AIM OF THE EXERCISE.
Each line in the material below, starting at the one with "Behang - Alpaca's - Patroon - Kleurrijk — 4" and ending at the one with "Relógio Bracelete Feminino", is to be reproduced exactly; no picture is to be copied.

THE DATA.
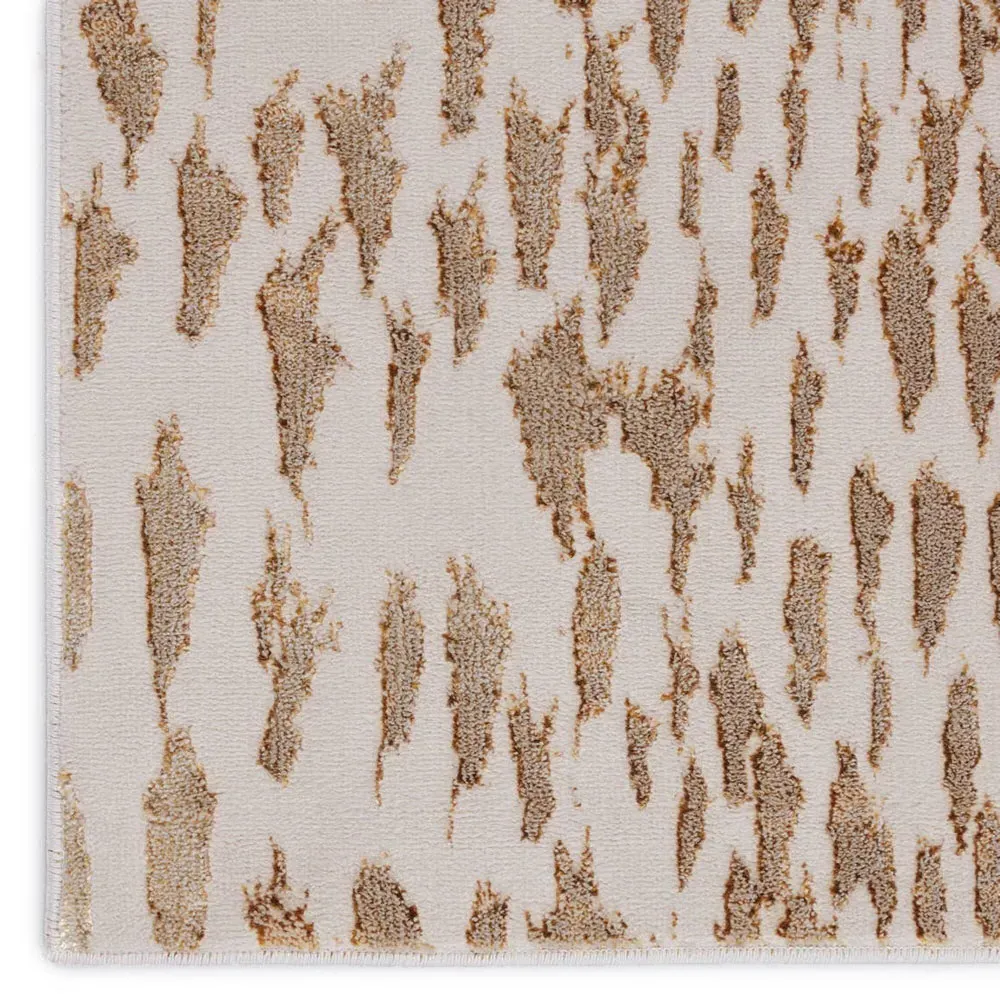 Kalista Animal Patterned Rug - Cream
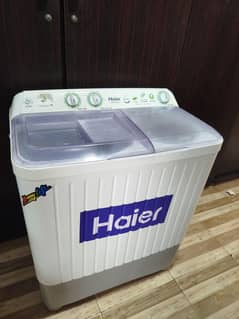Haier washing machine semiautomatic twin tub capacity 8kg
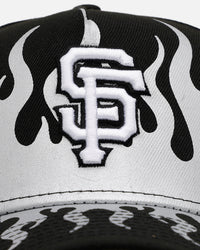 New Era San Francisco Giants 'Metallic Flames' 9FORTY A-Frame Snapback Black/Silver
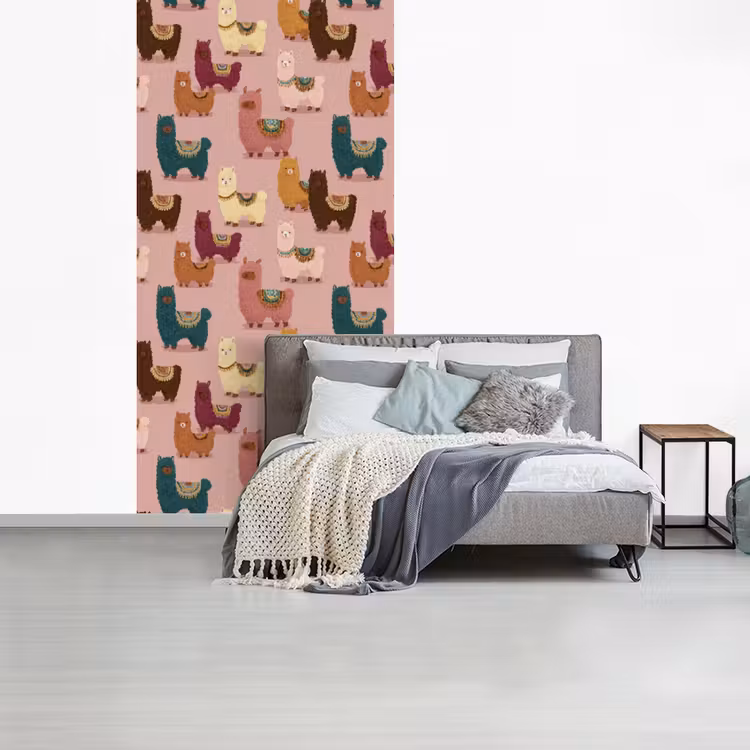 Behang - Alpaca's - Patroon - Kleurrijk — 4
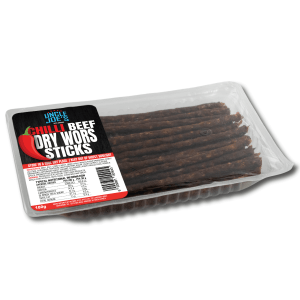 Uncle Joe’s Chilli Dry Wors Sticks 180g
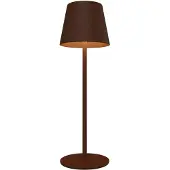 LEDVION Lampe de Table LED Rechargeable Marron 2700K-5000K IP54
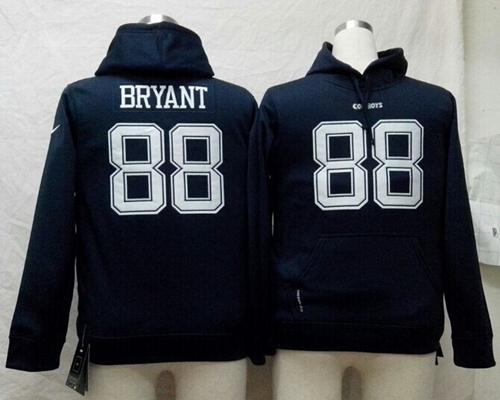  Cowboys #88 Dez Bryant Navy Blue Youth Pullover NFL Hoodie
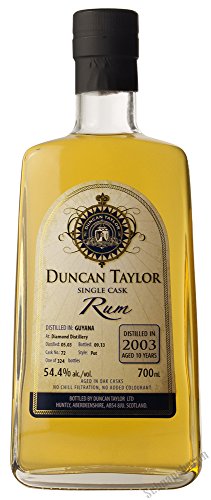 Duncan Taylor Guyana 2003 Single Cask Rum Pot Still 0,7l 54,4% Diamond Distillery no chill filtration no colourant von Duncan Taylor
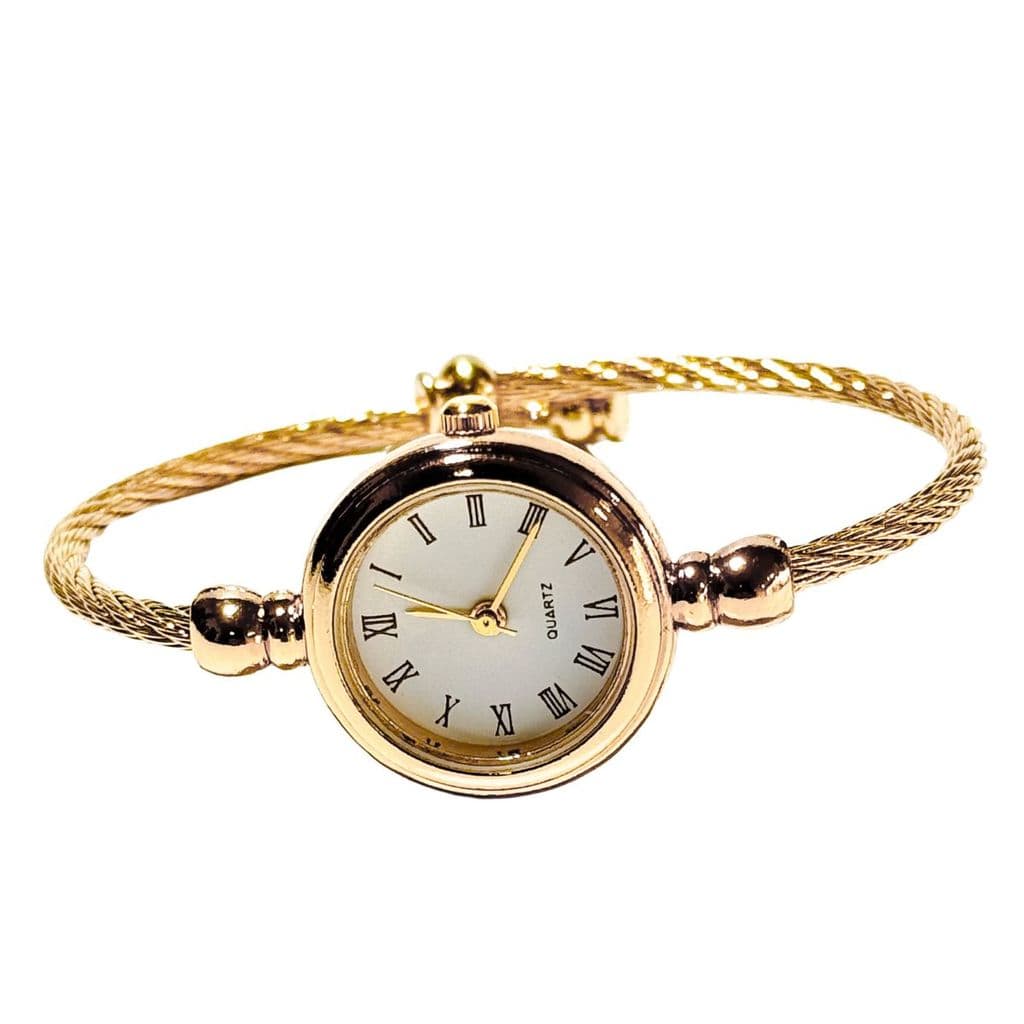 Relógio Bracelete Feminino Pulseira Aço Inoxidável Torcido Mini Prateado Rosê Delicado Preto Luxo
---
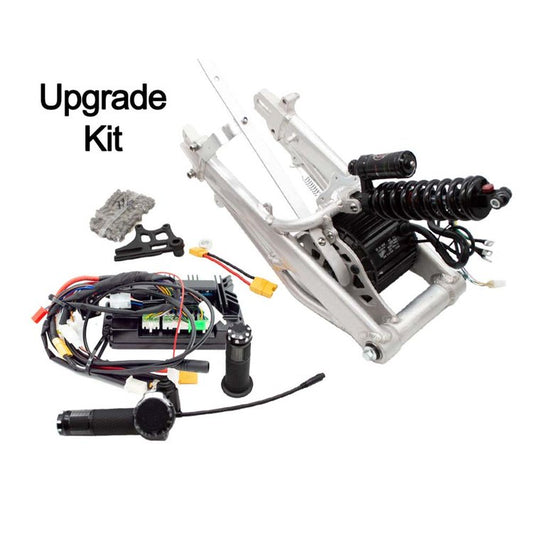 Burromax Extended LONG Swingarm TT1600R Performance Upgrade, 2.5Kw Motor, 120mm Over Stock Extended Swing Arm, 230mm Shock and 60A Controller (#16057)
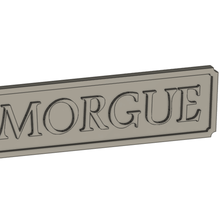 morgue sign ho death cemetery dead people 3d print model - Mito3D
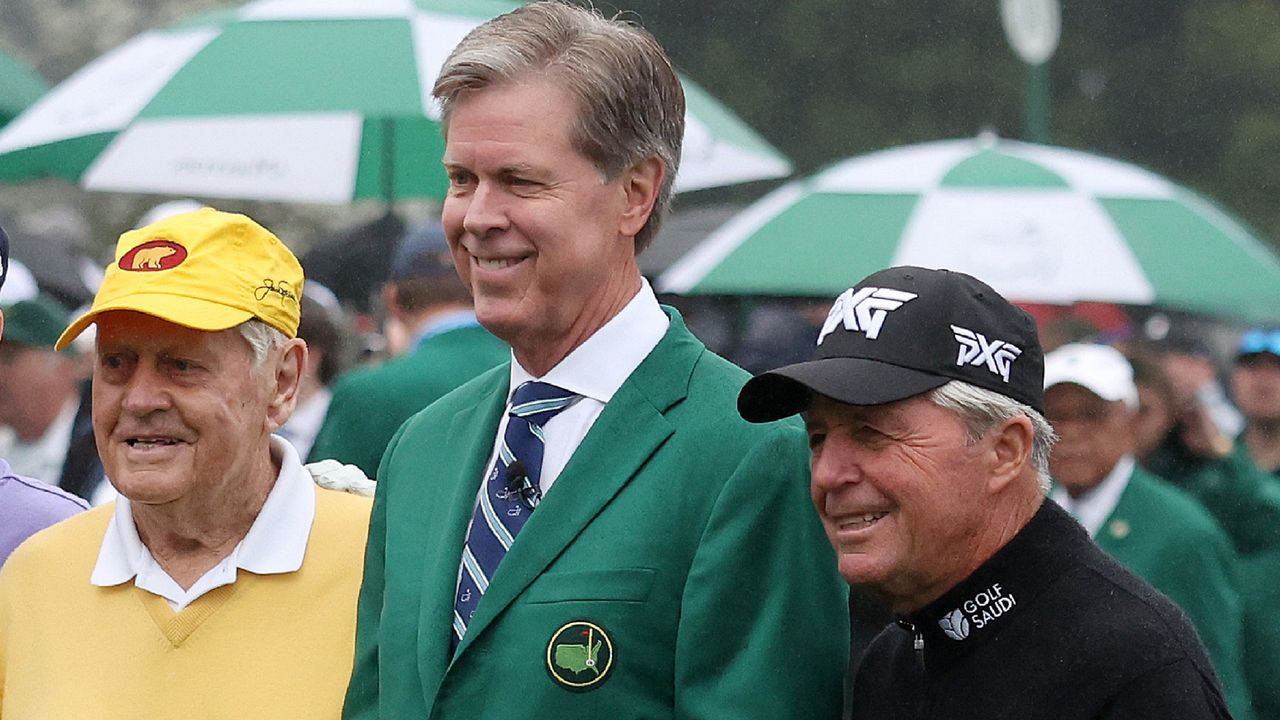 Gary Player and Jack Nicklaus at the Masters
...
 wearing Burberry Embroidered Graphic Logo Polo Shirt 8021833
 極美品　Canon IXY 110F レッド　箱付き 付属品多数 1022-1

ANSWER SPACE.
 Behang - Alpaca's - Patroon - Kleurrijk — 4
 Uncle Joe’s Chilli Dry Wors Sticks 180g
 LEDVION Lampe de Table LED Rechargeable Marron 2700K-5000K IP54
  Cowboys #88 Dez Bryant Navy Blue Youth Pullover NFL Hoodie
 Duncan Taylor Guyana 2003 Single Cask Rum Pot Still 0,7l 54,4% Diamond Distillery no chill filtration no colourant von Duncan Taylor
 Relógio Bracelete Feminino Pulseira Aço Inoxidável Torcido Mini Prateado Rosê Delicado Preto Luxo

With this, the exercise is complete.